Let's assume that you start with the sequence 123, and then we'll enumerate all the various ways to produce random results with the code in question.
123
+- 123 - swap 1 and 1 (these are positions,
| +- 213 - swap 2 and 1 not numbers)
| | +- 312 - swap 3 and 1
| | +- 231 - swap 3 and 2
| | +- 213 - swap 3 and 3
| +- 123 - swap 2 and 2
| | +- 321 - swap 3 and 1
| | +- 132 - swap 3 and 2
| | +- 123 - swap 3 and 3
| +- 132 - swap 2 and 3
| +- 231 - swap 3 and 1
| +- 123 - swap 3 and 2
| +- 132 - swap 3 and 3
+- 213 - swap 1 and 2
| +- 123 - swap 2 and 1
| | +- 321 - swap 3 and 1
| | +- 132 - swap 3 and 2
| | +- 123 - swap 3 and 3
| +- 213 - swap 2 and 2
| | +- 312 - swap 3 and 1
| | +- 231 - swap 3 and 2
| | +- 213 - swap 3 and 3
| +- 231 - swap 2 and 3
| +- 132 - swap 3 and 1
| +- 213 - swap 3 and 2
| +- 231 - swap 3 and 3
+- 321 - swap 1 and 3
+- 231 - swap 2 and 1
| +- 132 - swap 3 and 1
| +- 213 - swap 3 and 2
| +- 231 - swap 3 and 3
+- 321 - swap 2 and 2
| +- 123 - swap 3 and 1
| +- 312 - swap 3 and 2
| +- 321 - swap 3 and 3
+- 312 - swap 2 and 3
+- 213 - swap 3 and 1
+- 321 - swap 3 and 2
+- 312 - swap 3 and 3
Now, the fourth column of numbers, the one before the swap information, contains the final outcome, with 27 possible outcomes.
Let's count how many times each pattern occurs:
123 - 4 times
132 - 5 times
213 - 5 times
231 - 5 times
312 - 4 times
321 - 4 times
=============
27 times total
If you run the code that swaps at random for an infinite number of times, the patterns 132, 213 and 231 will occur more often than the patterns 123, 312, and 321, simply because the way the code swaps makes that more likely to occur.

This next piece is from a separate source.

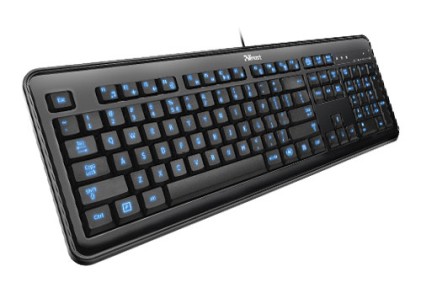 ELIGHT LED ILLUMINATED KEYBOARD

Now, of course, you can say that if you run the code 30 times (27 + 3), you could end up with all the patterns occuring 5 times, but when dealing with statistics you have to look at the long term trend.

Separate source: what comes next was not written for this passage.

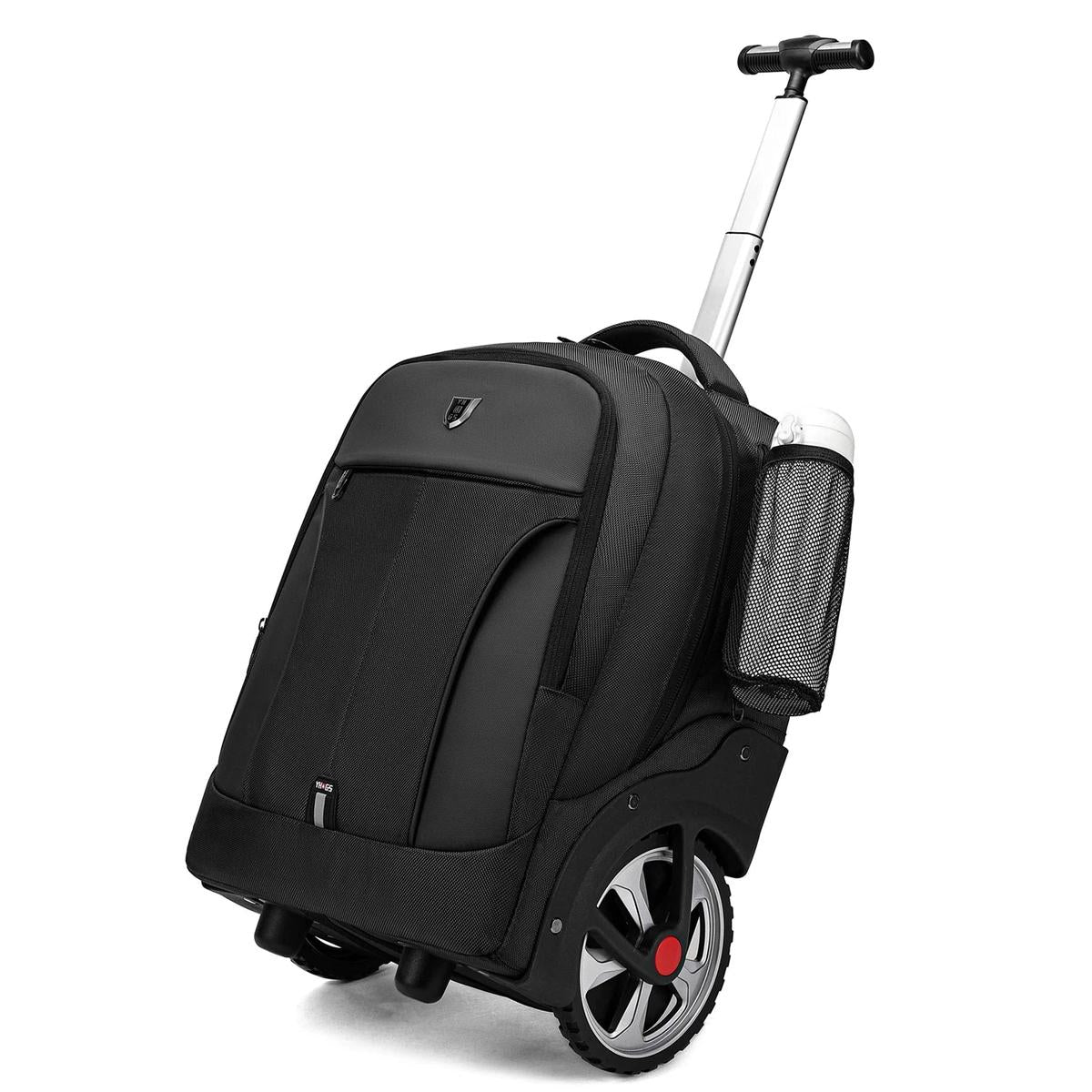 3 - in - 1 Laptop Rugzak Trolley Koffer Met Gevoerde Compartment - Harlett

Here's C# code that explores the randomness for one of each possible pattern:
class Program
{
static void Main(string[] args)
{
Dictionary<String, Int32> occurances = new Dictionary<String, Int32>
{
{ "123", 0 },
{ "132", 0 },
{ "213", 0 },
{ "231", 0 },
{ "312", 0 },
{ "321", 0 }
};
Char[] digits = new[] { '1', '2', '3' };
Func<Char[], Int32, Int32, Char[]> swap = delegate(Char[] input, Int32 pos1, Int32 pos2)
{
Char[] result = new Char[] { input[0], input[1], input[2] };
Char temp = result[pos1];
result[pos1] = result[pos2];
result[pos2] = temp;
return result;
};
for (Int32 index1 = 0; index1 < 3; index1++)
{
Char[] level1 = swap(digits, 0, index1);
for (Int32 index2 = 0; index2 < 3; index2++)
{
Char[] level2 = swap(level1, 1, index2);
for (Int32 index3 = 0; index3 < 3; index3++)
{
Char[] level3 = swap(level2, 2, index3);
String output = new String(level3);
occurances[output]++;
}
}
}
foreach (var kvp in occurances)
{
Console.Out.WriteLine(kvp.Key + ": " + kvp.Value);
}
}
}
This outputs:
123: 4
132: 5
213: 5
231: 5
312: 4
321: 4
So while this answer does in fact count, it's not a purely mathematical answer, you just have to evaluate all possible ways the random function can go, and look at the final outputs.